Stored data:

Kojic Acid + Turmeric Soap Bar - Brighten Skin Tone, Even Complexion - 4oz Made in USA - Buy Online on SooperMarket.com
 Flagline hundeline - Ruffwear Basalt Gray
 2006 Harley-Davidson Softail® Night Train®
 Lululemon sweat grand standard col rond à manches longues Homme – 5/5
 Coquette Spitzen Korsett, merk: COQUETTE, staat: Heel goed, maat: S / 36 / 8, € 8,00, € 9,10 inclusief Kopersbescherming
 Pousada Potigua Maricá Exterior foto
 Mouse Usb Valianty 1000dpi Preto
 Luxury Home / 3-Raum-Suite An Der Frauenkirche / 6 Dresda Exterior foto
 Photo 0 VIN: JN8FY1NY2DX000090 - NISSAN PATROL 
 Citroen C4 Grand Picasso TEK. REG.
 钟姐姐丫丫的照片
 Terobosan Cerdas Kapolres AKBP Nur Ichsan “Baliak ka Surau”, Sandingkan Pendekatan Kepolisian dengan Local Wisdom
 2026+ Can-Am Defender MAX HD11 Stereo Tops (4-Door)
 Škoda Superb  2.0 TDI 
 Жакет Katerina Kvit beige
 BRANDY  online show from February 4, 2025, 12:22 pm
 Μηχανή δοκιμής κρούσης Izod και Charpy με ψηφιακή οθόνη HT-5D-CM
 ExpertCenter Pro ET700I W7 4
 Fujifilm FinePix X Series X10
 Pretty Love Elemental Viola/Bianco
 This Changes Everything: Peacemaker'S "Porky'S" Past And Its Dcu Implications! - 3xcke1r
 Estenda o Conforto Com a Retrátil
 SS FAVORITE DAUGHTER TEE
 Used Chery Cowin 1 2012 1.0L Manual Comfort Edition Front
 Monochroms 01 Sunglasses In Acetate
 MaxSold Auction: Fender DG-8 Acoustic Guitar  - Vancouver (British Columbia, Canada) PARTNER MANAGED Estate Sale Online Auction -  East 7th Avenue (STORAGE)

| WHAT THE EXERCISE ASKS |
Extract every line from the one containing "Used Chery Cowin" through the last line of the data, inclusive, exactly as written.

| PROBLEM SOLUTION |
 Used Chery Cowin 1 2012 1.0L Manual Comfort Edition Front
 Monochroms 01 Sunglasses In Acetate
 MaxSold Auction: Fender DG-8 Acoustic Guitar  - Vancouver (British Columbia, Canada) PARTNER MANAGED Estate Sale Online Auction -  East 7th Avenue (STORAGE)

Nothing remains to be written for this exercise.